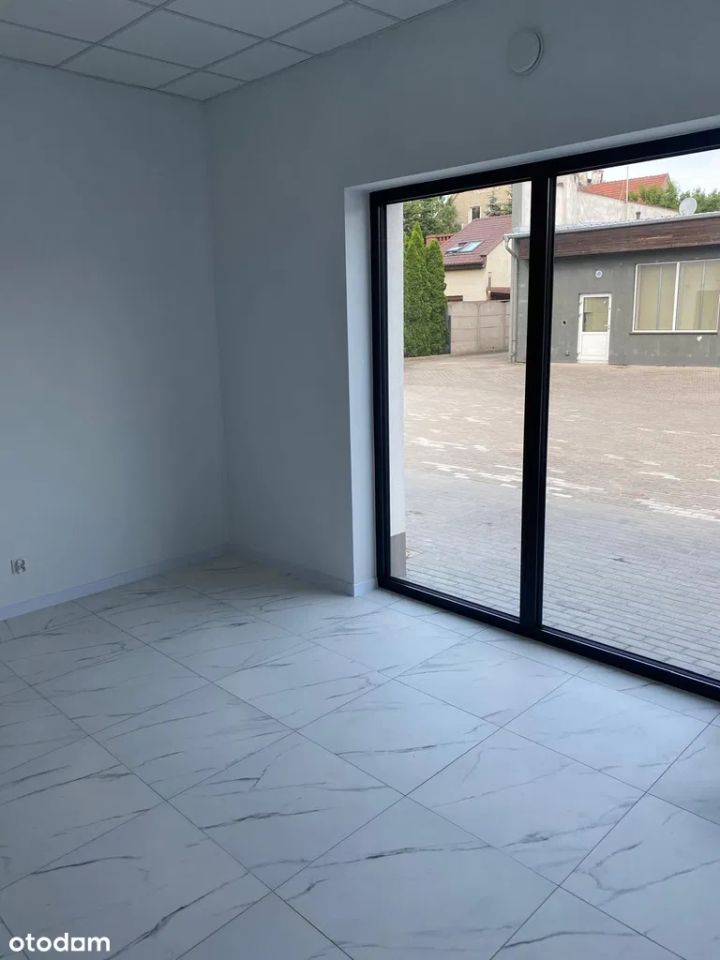 Lokal Namysłów, ul. Józefa Piłsudskiego. Zdjęcie 3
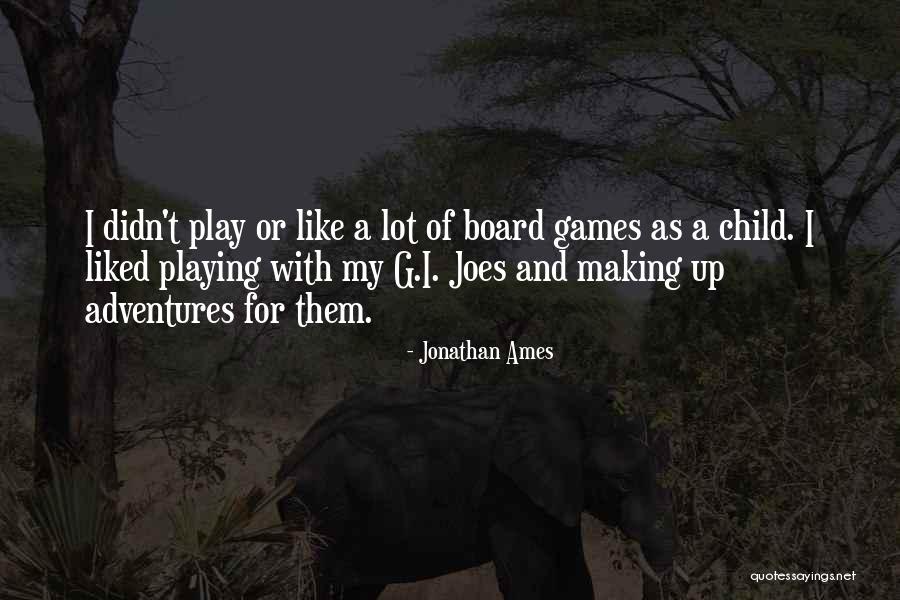 Suzie Homemaker Quotes By Jonathan Ames Suzie Homemaker Quotes By Jonathan Ames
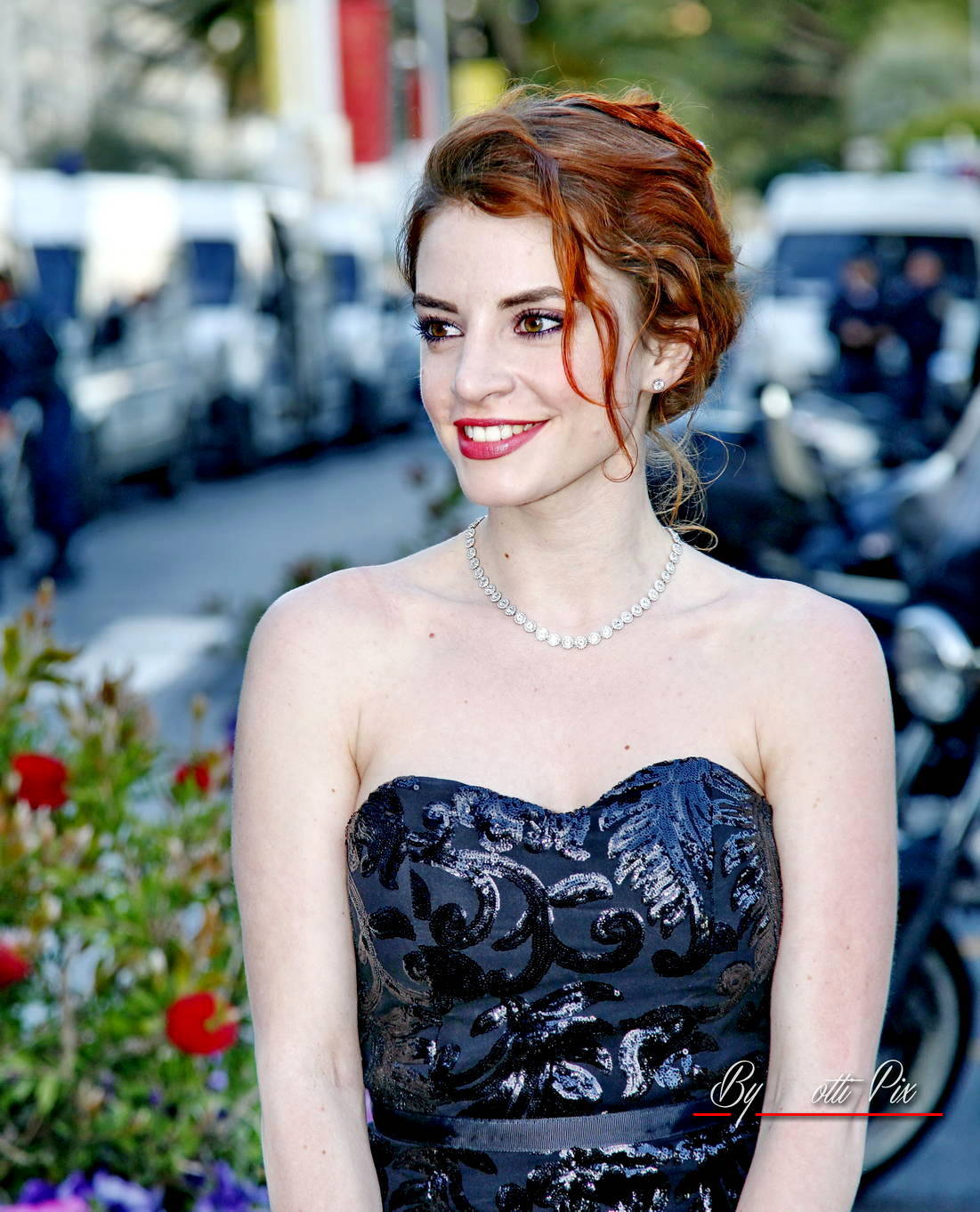 MODELES By Lotti Pix Photographe Professionnel à Marseille,Photos shoot pour MODELES amateur/Professionnel,MODELES By Lotti Pix Photographe Professionnel,modèles: Model Portfolio; Modeling; Photographie; modeling portfolio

==============================

-- TASK TO CARRY OUT --
Pictures aside, reproduce exactly the lines from the one containing "Suzie Homemaker Quotes By Jonathan Ames Suzie" to the end of the listing above, both ends included.

-- WRITTEN ANSWER --
 Suzie Homemaker Quotes By Jonathan Ames Suzie Homemaker Quotes By Jonathan Ames
 MODELES By Lotti Pix Photographe Professionnel à Marseille,Photos shoot pour MODELES amateur/Professionnel,MODELES By Lotti Pix Photographe Professionnel,modèles: Model Portfolio; Modeling; Photographie; modeling portfolio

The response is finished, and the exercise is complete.